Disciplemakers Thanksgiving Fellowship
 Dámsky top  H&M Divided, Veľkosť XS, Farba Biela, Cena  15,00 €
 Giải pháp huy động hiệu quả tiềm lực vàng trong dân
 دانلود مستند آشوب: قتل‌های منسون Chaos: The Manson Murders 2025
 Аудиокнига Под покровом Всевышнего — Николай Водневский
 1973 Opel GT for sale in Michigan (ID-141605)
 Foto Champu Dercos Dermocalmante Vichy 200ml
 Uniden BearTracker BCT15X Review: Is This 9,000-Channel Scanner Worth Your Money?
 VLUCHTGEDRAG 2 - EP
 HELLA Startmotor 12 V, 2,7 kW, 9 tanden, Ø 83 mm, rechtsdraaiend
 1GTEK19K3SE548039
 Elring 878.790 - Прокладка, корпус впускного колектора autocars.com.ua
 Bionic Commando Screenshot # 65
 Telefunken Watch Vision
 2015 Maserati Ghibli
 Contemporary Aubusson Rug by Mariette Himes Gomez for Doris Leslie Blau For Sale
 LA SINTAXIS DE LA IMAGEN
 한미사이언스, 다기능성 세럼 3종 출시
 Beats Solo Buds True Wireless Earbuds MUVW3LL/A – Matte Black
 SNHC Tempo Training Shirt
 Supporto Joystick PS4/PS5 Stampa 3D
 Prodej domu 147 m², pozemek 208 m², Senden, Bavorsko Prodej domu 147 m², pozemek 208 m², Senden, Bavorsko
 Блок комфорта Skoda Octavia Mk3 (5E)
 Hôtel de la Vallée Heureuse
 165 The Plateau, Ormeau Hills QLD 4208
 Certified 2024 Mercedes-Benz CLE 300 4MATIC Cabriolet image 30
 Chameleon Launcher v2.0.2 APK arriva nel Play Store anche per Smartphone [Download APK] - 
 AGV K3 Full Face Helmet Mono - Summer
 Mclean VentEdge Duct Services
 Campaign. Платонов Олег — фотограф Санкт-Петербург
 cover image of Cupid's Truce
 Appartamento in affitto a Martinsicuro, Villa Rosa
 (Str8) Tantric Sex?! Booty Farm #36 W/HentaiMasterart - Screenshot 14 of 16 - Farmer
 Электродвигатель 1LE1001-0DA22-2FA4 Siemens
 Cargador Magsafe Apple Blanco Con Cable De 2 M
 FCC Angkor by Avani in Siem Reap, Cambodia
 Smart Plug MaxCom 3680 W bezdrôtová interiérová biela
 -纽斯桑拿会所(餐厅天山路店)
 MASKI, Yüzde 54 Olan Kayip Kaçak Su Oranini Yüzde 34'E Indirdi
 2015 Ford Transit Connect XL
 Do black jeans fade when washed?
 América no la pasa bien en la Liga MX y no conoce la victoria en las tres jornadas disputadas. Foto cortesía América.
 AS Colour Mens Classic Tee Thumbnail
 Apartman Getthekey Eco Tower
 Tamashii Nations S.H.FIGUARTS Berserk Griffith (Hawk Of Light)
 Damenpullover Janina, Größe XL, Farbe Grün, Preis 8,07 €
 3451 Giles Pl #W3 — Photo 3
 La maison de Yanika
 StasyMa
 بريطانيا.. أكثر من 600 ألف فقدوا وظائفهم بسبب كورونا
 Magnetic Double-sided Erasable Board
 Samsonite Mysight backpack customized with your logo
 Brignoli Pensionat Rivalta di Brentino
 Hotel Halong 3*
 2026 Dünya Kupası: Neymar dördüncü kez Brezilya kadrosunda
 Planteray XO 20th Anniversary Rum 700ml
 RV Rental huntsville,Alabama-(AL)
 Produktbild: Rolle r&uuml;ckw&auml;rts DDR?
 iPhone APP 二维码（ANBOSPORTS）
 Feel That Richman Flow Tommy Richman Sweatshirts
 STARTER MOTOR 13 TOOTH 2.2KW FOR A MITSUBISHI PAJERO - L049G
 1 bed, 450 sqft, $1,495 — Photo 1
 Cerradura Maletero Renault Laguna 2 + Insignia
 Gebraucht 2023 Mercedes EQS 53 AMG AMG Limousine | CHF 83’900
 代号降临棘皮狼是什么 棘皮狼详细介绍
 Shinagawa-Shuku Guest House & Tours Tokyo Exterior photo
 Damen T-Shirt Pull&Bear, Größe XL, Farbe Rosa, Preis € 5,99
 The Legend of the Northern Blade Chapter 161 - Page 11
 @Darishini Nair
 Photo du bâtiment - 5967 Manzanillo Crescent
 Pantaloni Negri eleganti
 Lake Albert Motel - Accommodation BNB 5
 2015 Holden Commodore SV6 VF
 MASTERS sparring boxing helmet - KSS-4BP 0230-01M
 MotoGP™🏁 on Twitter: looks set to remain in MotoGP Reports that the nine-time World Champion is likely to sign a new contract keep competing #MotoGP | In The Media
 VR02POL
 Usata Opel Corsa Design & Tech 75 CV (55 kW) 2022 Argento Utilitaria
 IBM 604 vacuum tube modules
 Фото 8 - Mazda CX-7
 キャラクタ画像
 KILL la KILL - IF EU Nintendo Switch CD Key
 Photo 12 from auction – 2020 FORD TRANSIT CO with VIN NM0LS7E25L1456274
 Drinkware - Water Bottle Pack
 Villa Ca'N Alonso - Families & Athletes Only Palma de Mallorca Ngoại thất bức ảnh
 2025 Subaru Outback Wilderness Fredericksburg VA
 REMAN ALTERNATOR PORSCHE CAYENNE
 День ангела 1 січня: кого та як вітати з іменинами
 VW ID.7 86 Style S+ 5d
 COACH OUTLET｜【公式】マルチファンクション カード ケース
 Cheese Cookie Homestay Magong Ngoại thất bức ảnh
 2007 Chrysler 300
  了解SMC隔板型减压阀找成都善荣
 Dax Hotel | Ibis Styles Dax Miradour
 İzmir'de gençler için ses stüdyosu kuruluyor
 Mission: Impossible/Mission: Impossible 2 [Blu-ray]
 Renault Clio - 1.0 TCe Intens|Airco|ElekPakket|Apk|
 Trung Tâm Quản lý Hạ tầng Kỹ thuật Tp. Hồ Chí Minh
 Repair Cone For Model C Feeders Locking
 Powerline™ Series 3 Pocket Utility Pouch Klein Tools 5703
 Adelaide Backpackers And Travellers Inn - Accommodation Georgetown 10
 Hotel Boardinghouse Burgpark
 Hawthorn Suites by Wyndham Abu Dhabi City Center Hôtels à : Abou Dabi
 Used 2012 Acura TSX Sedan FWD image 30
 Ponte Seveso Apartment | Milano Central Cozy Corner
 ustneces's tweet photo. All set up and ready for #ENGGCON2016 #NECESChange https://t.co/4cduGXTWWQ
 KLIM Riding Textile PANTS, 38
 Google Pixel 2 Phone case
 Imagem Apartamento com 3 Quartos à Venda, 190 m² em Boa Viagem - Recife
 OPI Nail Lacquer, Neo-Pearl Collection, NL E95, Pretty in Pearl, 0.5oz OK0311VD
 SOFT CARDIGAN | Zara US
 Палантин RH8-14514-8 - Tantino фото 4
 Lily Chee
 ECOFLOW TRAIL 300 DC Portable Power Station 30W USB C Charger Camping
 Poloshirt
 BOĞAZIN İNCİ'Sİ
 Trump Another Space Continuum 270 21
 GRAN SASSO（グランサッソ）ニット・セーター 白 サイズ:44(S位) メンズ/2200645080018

--------------------------------------------------

TASK BRIEF: Lines from the records above that hold "with" are the ones to list.

ANSWER SPACE:
 Samsonite Mysight backpack customized with your logo
 Photo 12 from auction – 2020 FORD TRANSIT CO with VIN NM0LS7E25L1456274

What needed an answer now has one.